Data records
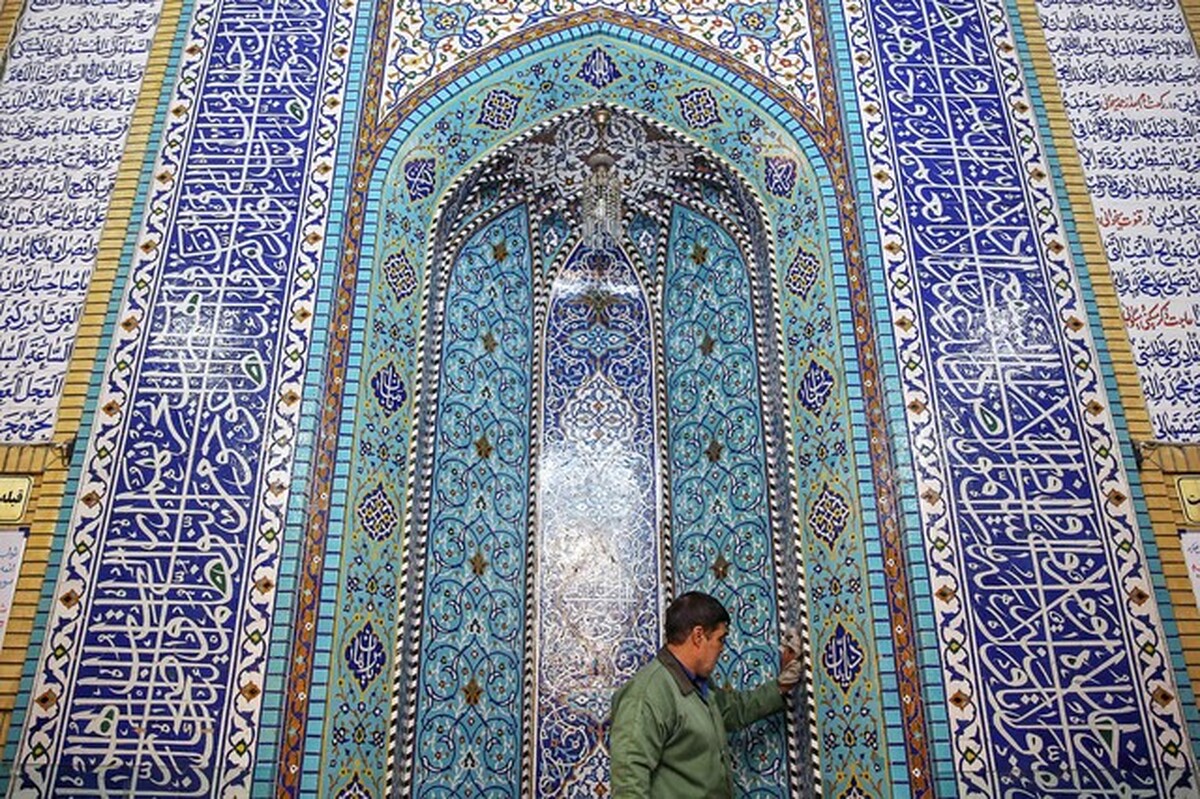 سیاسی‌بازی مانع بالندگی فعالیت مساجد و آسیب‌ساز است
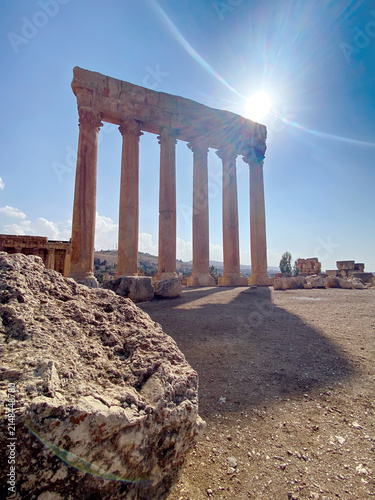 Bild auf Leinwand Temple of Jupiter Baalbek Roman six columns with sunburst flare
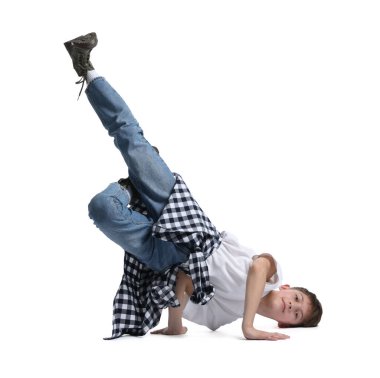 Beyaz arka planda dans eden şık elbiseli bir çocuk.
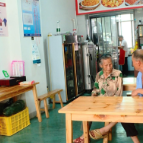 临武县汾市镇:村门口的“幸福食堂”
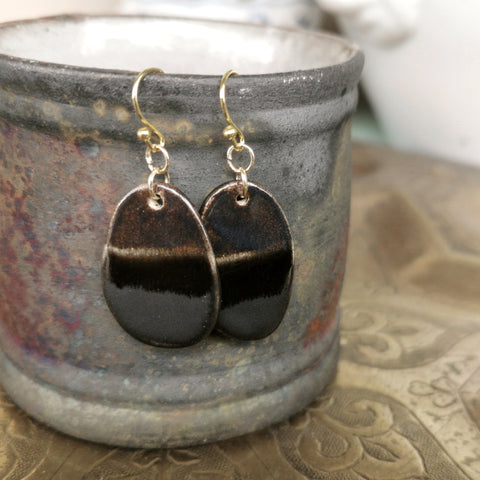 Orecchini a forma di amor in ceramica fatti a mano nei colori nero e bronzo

- What is being asked: Drop the images and return the data verbatim.

- Answer box:
 سیاسی‌بازی مانع بالندگی فعالیت مساجد و آسیب‌ساز است
 Bild auf Leinwand Temple of Jupiter Baalbek Roman six columns with sunburst flare
 Beyaz arka planda dans eden şık elbiseli bir çocuk.
 临武县汾市镇:村门口的“幸福食堂”
 Orecchini a forma di amor in ceramica fatti a mano nei colori nero e bronzo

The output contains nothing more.